Erik Menendez Confessed to Killings, Transcript Indicates
One of two brothers accused in the 1989 killing of their parents in Beverly Hills confessed the crimes to a high school friend, according to Los Angeles County Grand Jury transcripts released Friday.
Craig Cignarelli said Erik Menendez told him a few days after the murders that his brother, Lyle Menendez, “looked at his father, shot his father who was sitting on the end of the couch. . . . He looked at Erik and said: ‘Shoot mom.’ ”
The transcripts and some exhibits were released by Superior Court Judge Stanley M. Weisberg a day after the California Supreme Court upheld another judge’s decision to allow partial release of the testimony.
Erik, 22, and Lyle Menendez, 24, were indicted in December on charges that they conspired to murder Jose Menendez, 45, an executive with LIVE Entertainment Inc. of Van Nuys, and Mary Louise (Kitty) Menendez, 47, on Aug. 20, 1989.
“He said they kept shooting until the guns were empty,” Cignarelli testified.
Also in the transcripts, police officers described the late-night scene at the mansion after one of the brothers frantically reported the crime. The pair said they had just returned home from a movie and a Santa Monica food festival.
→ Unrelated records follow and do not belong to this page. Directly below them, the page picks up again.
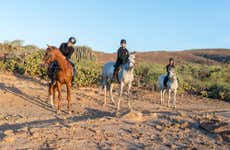El Salobre Horse Riding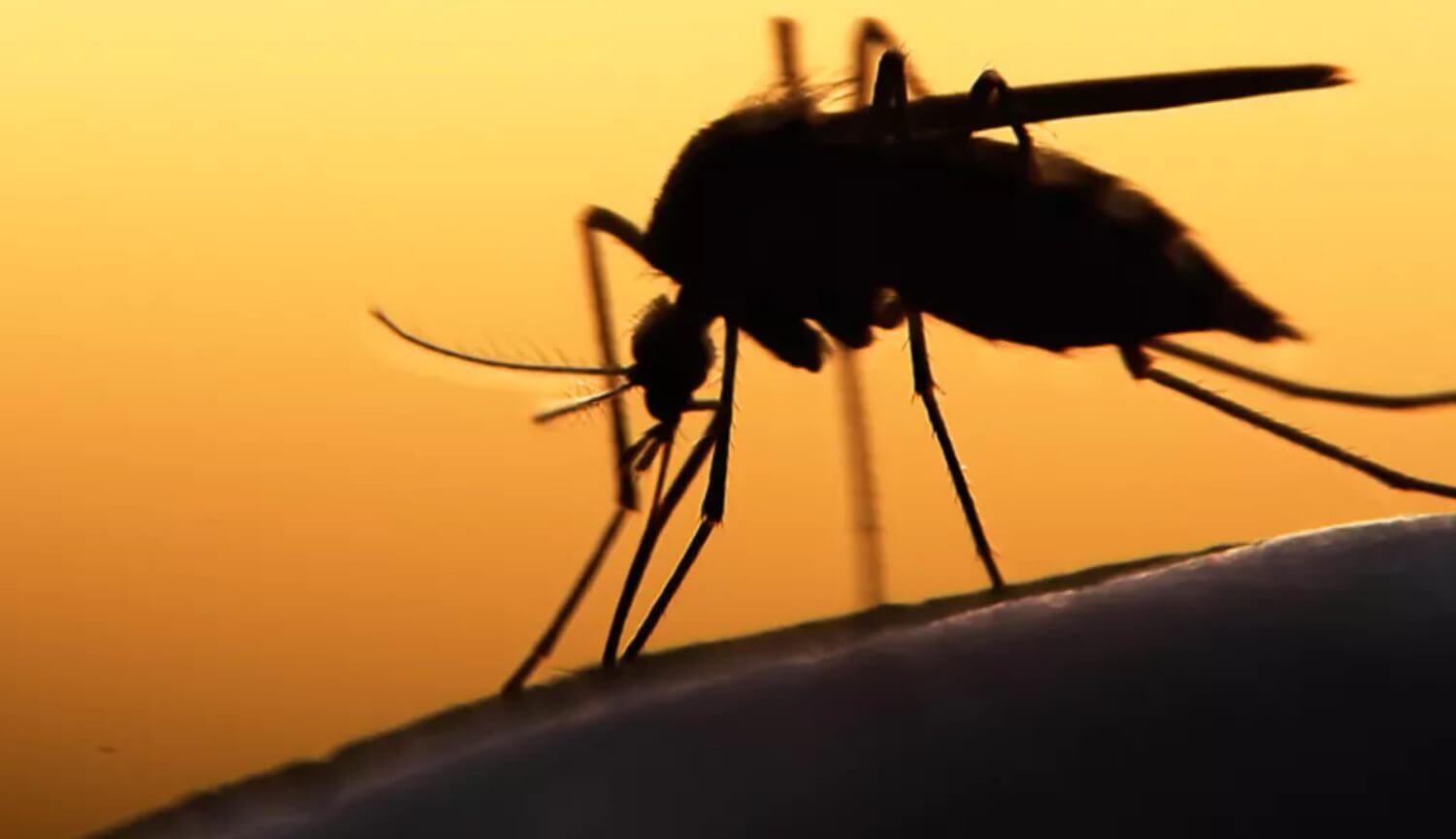 المعدلة وراثيا الفطريات يمكن أن تقتل 99% من والبعوض الناقل للملاريا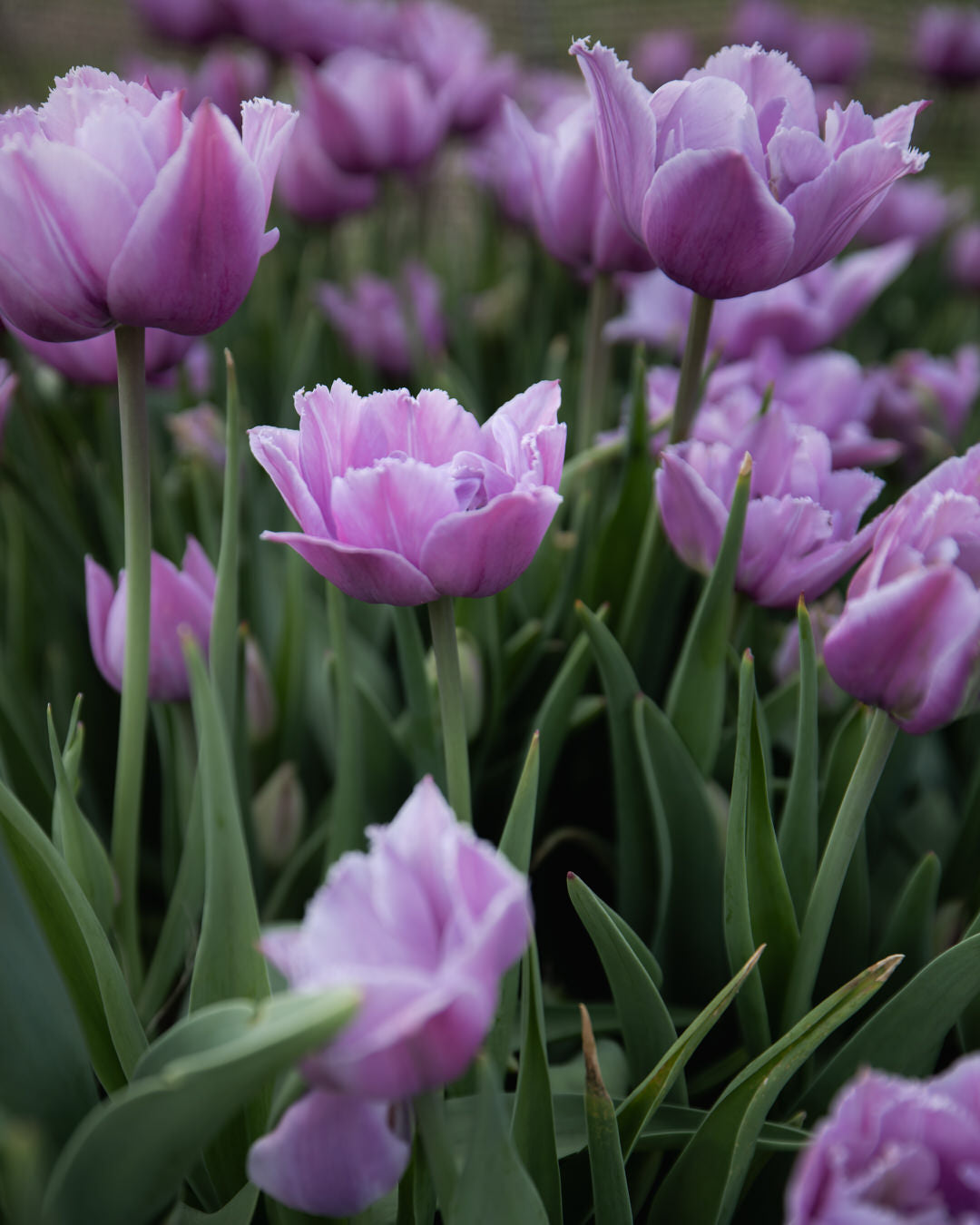 Tulip 'Great Barrier Reef' (Rare)
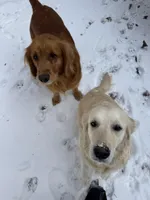 Holly, a female Golden Retriever for sale in Suffolk, VA – Photo 3 of 6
One man, a social friend, testified that Lyle had arranged to meet with him the night of the killings but did not show up.
According to the transcripts, a document expert said he believed that Erik Menendez forged a signature to purchase two shotguns in San Diego before the killings. A computer consultant testified that Lyle Menendez had hired him to search for any references to a will in the father’s computer and to erase what he found. Others testified that the brothers had spoken of a possible second will giving less money to them, but the expert said he found nothing.
Defense attorneys sought Friday to delay release of the material, despite the state Supreme Court decision, for fear of prejudicing potential jurors at the trial, scheduled to start in June.
But Weisberg said the effect of news reports would be “minimal.”
A psychotherapist’s testimony about alleged confessions by the brothers was not released under the court order.
Cignarelli testified that when he visited Erik Menendez a few days after the murders, “Erik looked at me and just kind of relaxed and said: ‘Do you want to know what happened?’ ”
Erik said the brothers had returned home after the movie to pick up a fake identification so Erik could drink at a bar, Cignarelli recalled. Erik described finding Lyle outside with two shotguns, Cignarelli said. At that point, “Lyle said: ‘Let’s do it,’ ” Cignarelli said.
Following his brother’s instructions, Cignarelli testified: “Erik stood up and shot his mom as she was standing up. . . . He said there was skin and blood all over the place.”
Cignarelli said he did not decide to tell the police for “a few months. . . . I was very shaky about whether I was going to turn in my best friend.”
Also released Friday were copies of a screenplay called “Friends,” which Cignarelli helped Erik write several months before the slayings.
In Scene 1, Hamilton, the hero, learns that he would inherit $157 million should his father die. “Hamilton smiles sadistically,” it says in the script.
In Scene 2, Hamilton enters his parents’ suite and kills them with razor wire. “Their faces are of questioning horror,” it says in the screenplay.
In a handwritten note Erik added to the scene, Hamilton “is intensely psychotic and extremely anxious to obtain his inheritance. A character worthy of Jekyll and Hyde,” Cignarelli testified.
Cignarelli, fitted with a recording device at the request of police, met with Erik Menendez, purportedly to discuss changes in the script. In the course of that conversation, Erik said “he and his brother would inherit $90 million and they would split it.”
In other sections of the transcript, the brothers’ spending habits were described. A bodyguard hired briefly by Lyle soon after the killings said he saw that son buy a Porsche, three homes and use a limousine to go shopping.
“He never showed any remorse over the death of his parents,” Richard Wenskoski testified. “He was just happy-go-lucky, carefree. . . . The more he spent, it seemed the happier he was.”